> _How to complete this task_:
In the material below, begin at the line that has "بالصور .. جامعة", stop after the line that has "Maldini ya ganó en el", and transcribe those lines exactly, without pictures.

Supplied material Block Start

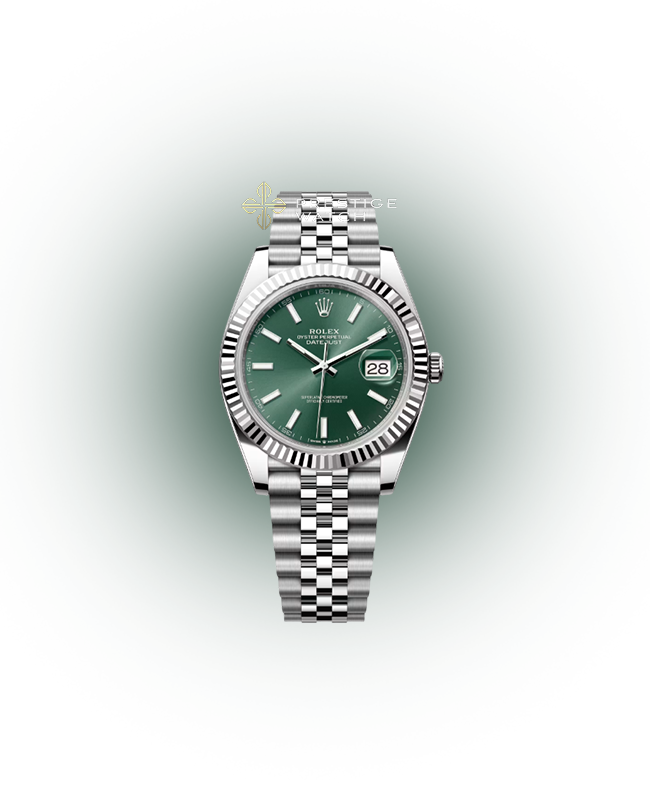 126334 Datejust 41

Supplied material Block End
Supplied material Block Start

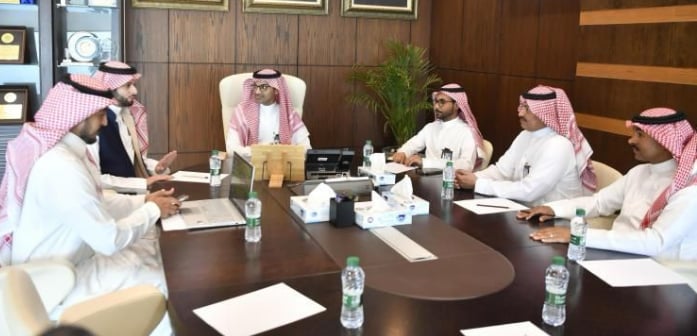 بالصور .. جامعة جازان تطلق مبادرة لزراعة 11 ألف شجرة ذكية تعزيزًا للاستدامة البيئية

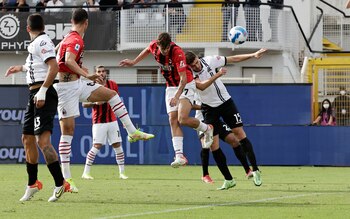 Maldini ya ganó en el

Supplied material Block End

> _Task result_:
 بالصور .. جامعة جازان تطلق مبادرة لزراعة 11 ألف شجرة ذكية تعزيزًا للاستدامة البيئية

 Maldini ya ganó en el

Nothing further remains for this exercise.